HOT DOGS HOT DOGS HOT DOGS: One From the Cart

Don't believe the hype about street food taking over Orange County in the past couple of years—there is no such scene outside of Santa Ana. Luxe loncheras at clustertrucks? Pshaw. I'm talking street vendors, the tamale men of the past or the Manhattan halal guys of today: people who set up shop on a busy street corner and sell from before sunrise into the late night. Only the county's barrios have an inkling of a street-food scene—all underground, of course, which means it exists only as neighborhood secrets who run once the authorities come. And only Santa Ana has any type of officially sanctioned food-cart scene—mango ladies centered in downtown, and even those mujeres close up shop around sunset, the promise of mangoes and chips and sodas not needed for the city's hipsters of the night.

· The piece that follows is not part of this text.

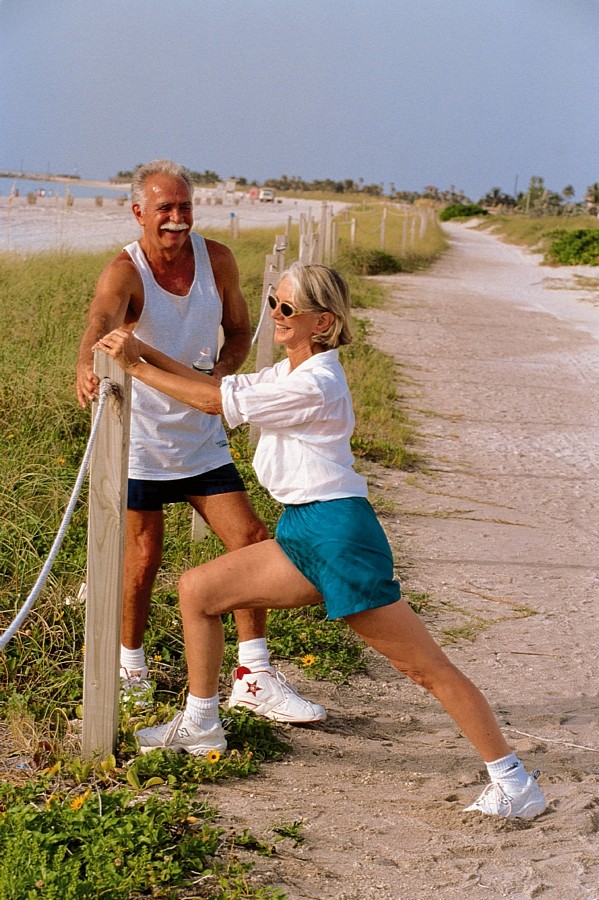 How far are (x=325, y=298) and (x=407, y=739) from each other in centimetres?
179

Only one cart bravely pushes into the evening. It stands on the corner of Fourth Street and Broadway and sells a foodstuff that's the toast of Los Angeles yet almost invisible in Orange County: Mexican-style bacon-wrapped hot dogs; heavy on the grilled onions and jalapeños; mixed with mayo, mustard and ketchup; and thrown into a bun that's more silo than bread. Local wiener vendors sell bacon-wrapped hot dogs, but it's that cart experience—seeing pink-toned uncooked bacon wrapped around the raw franks, a pyramid of them awaiting an order, hearing the sizzle of the meat on the grill, watching the bacon crisp and transform into brittle pig candy—that elevates eating the hot dog into an urban experience bar none. These aren't the best Mexican-style bacon-wrapped hot dogs you'll ever taste—the bun crumbles too easily—but when the various umami notes of this meal mix around in your mouth, the grease acting as a binding agent, few meals are more fundamentally pleasing, more perfect to scarf down to fuel a nighttime of drinking or bring one to a close.

The cart (which has no formal name other than the “HOT DOGS HOT DOGS HOT DOGS” on its canopy) has treats besides the bacon-wrapped hot dogs. Bags of chicharrones hang from the side; plastic containers of fruit salad await a spritz of lime juice and a dusting of chile powder. It does a brisk sale in tostilocos, a sort of mestizo Fritos pie in which a bag of chips is mixed with Japanese peanuts, fruit bits and pork rinds, then bathed in Tapatío and chamoy, a fruit-based sauce the way only Mexicans can make fruit-based sauces: simultaneously sweet, salty, spicy and savory. Tostilocos skip through nearly every possible food experience—crunchy, bitter, sour, soggy, everything—into a glorious mess, one that just might be the next bacon-wrapped hot dog for mainstream companies to copy. You'd think a cart offering such treasures would be copied across the county—so have at it, young entrepreneur!

 

This column appeared in print as “One From the Cart.”